WHAT TO PRODUCE
Reproduce exactly, and only, the lines of the material below running from the line bearing "Hooded Warbler - ML300297271" through the line bearing "The Green Green Grass of Home". Leave any pictures out.
Top of GIVEN DATA
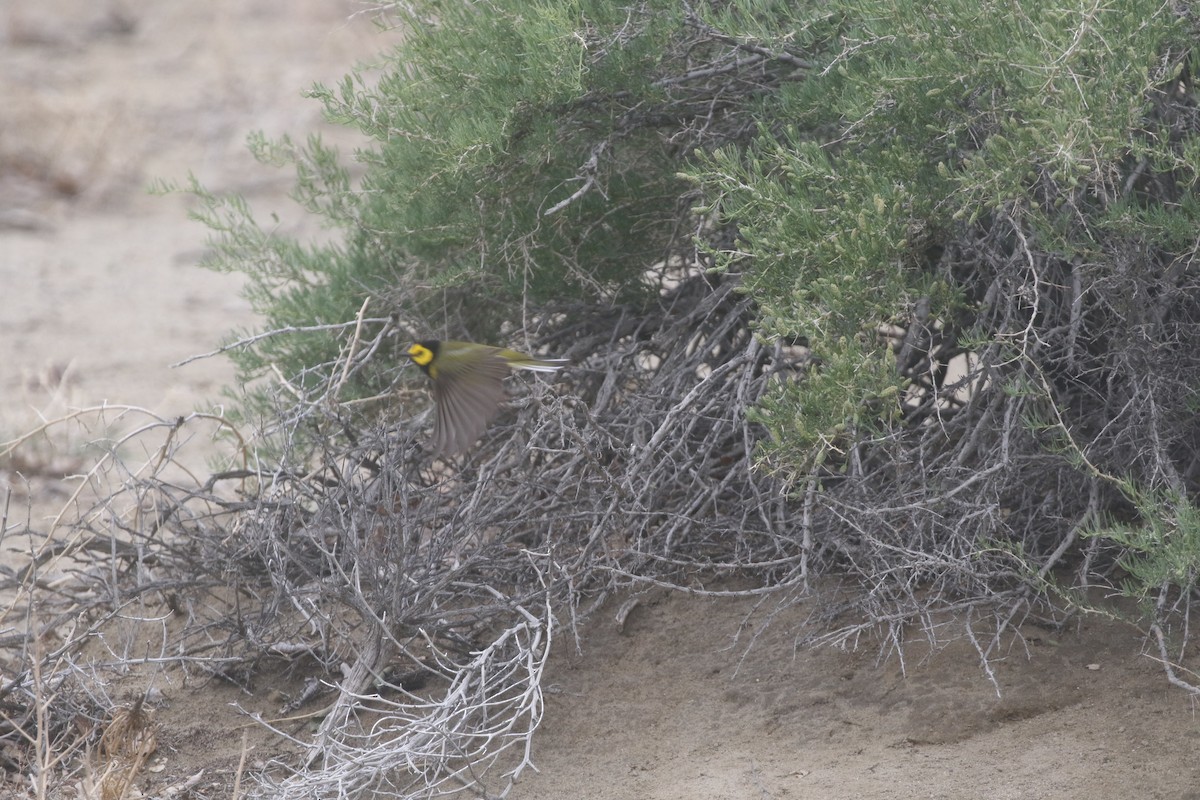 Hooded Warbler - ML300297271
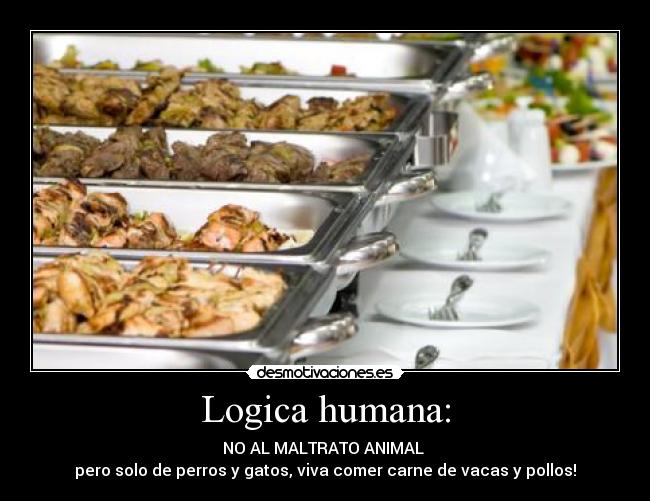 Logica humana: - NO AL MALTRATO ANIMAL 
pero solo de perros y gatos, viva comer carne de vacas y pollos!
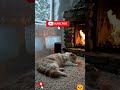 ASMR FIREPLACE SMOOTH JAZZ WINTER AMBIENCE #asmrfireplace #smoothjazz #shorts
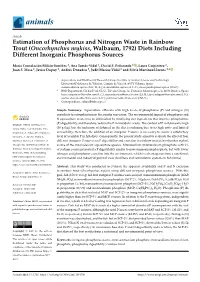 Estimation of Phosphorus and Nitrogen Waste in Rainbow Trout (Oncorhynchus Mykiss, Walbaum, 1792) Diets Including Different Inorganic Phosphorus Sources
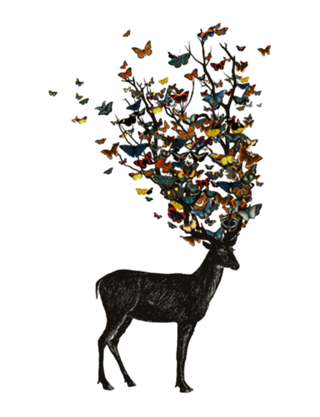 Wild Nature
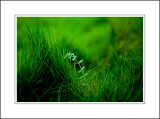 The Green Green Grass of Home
Bottom of GIVEN DATA
Top of GIVEN DATA
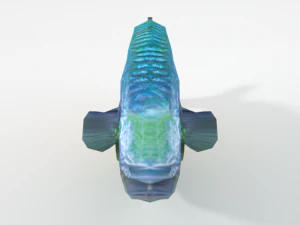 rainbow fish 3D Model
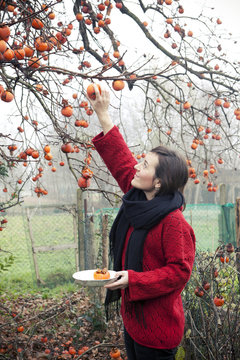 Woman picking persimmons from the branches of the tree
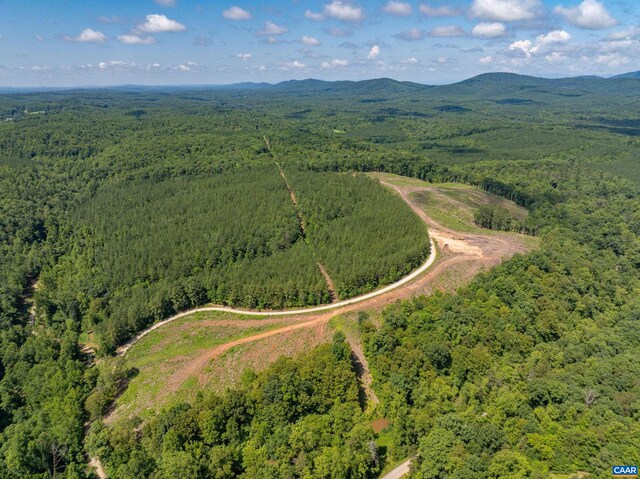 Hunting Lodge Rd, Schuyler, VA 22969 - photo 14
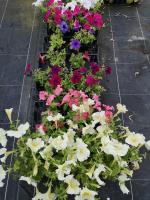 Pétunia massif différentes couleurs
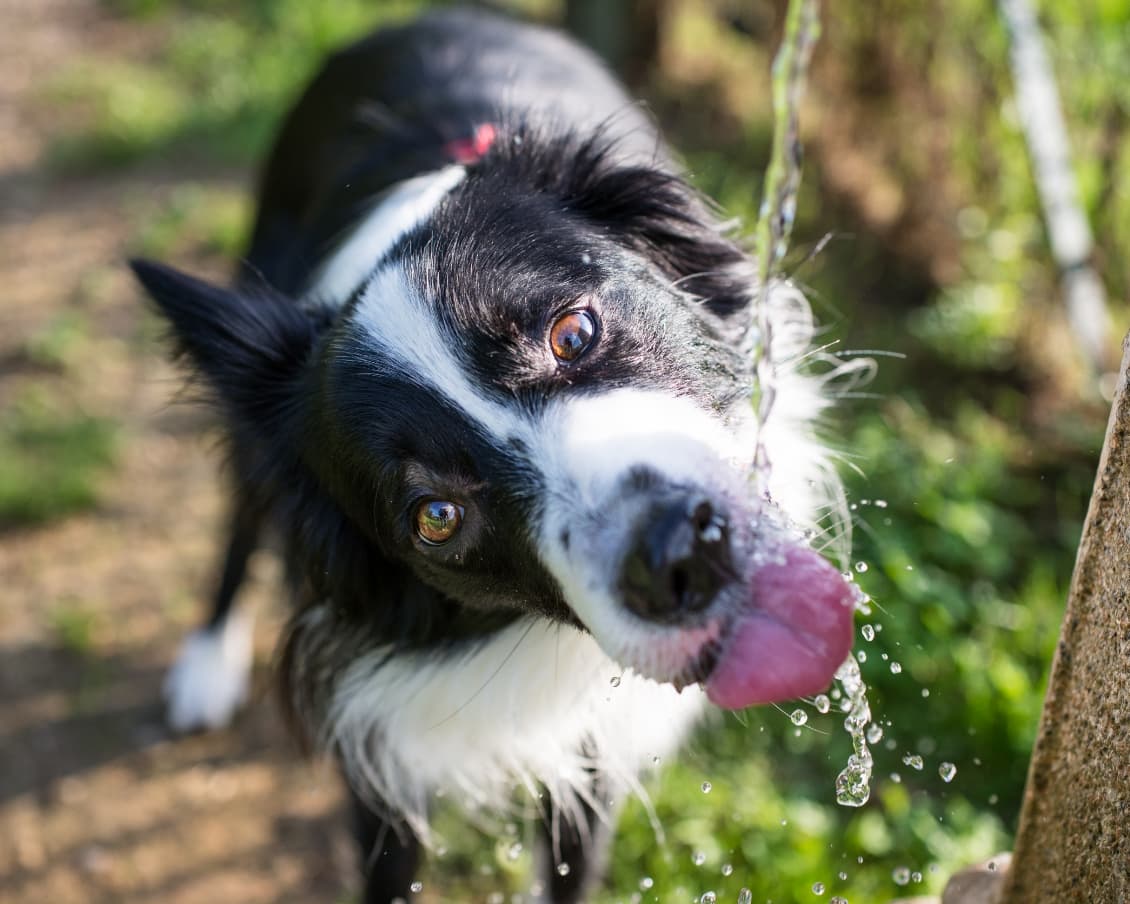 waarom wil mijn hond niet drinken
Bottom of GIVEN DATA
ANSWER BOX
 Hooded Warbler - ML300297271
 Logica humana: - NO AL MALTRATO ANIMAL 
pero solo de perros y gatos, viva comer carne de vacas y pollos!
 ASMR FIREPLACE SMOOTH JAZZ WINTER AMBIENCE #asmrfireplace #smoothjazz #shorts
 Estimation of Phosphorus and Nitrogen Waste in Rainbow Trout (Oncorhynchus Mykiss, Walbaum, 1792) Diets Including Different Inorganic Phosphorus Sources
 Wild Nature
 The Green Green Grass of Home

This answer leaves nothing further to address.